ATEC 11th International Forum: 'The Moonlit Women' Staged


On the evening of May 19, The Moonlit Women by the Department of Theatre at Chung-Ang University was staged at the Thrust Stage Theatre of The Central Academy of Drama, China. The play comprises of three tragic yet beautiful love stories in the Ancient time of Korea. Modern and traditional approaches of performing were interwoven to proceed the plots. What’s more, the live music of traditional Korean instruments also provided the audience with treat for ears.
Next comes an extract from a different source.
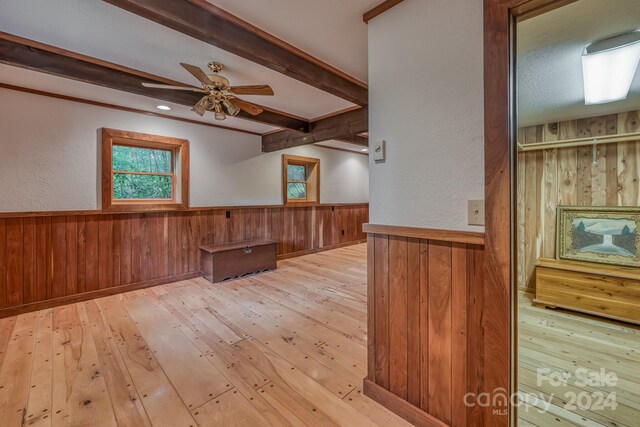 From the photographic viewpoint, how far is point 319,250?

The story started with Yu Yeong, a shabby scholar who had failed the civil service examinations for numerous times, staggering on the site of the Suseong Palace, drunk, complaining about his miserable life. Just when he was about to suicide, four beautiful women came up to him. Their fair skin in the moon light was as gorgeous as virgin snow. As it turned out, they were the spirits of Hye Yeong, Chae Yeong, Un Yeong and Gwen Ju. Once they were favored by the goddess of love, but then lost everything to the devils in human nature. They implored Yu to listen to and note down their stories.




The three stories proceeded in intertexture, highlighted by seemly incompatible yet cleverly inserted modern dance and dynamic pop music. The audience were led spontaneously by the plots and the melodious background music, but also had occasional emotional intervals as the cheerful dances and music turned up. Some key factors of traditional Korean culture in the play were elegantly displayed on the screen in Chinese characters at the back of the stage to help the audience engage in the whole play.




Professor Kang Min-Ho with Chung-Ang University, the director of the play, provided his interpretation, “At the site of bleak Palace SUSEONG, a shabby scholar named Yu Yeong reels along the street. A bottle of cheap alcoholic beverage is all he can count on. Unfortunately, being drunk does not help at all, as the brutal world never changes a bit for him. He cannot help feeling helpless and self-pity. However, four women show up and tell him their stories about the Palace SUSEONG. Bombarded by their legends, Yu Yeong takes another glass of alcohol. But he comes to realize that however meaningless or miserable life seems to be, love will find him a way out.”




Director Kang added that on one hand, popular factors like rap and modern dance were necessary for theatre, as they increased the acceptability of a production by modern audience; on the other hand, factors of traditional culture were well accepted too – those traditional Korean gangs, drums, and stringed instruments used in the play, for example, were frequently seen in Korean theatre.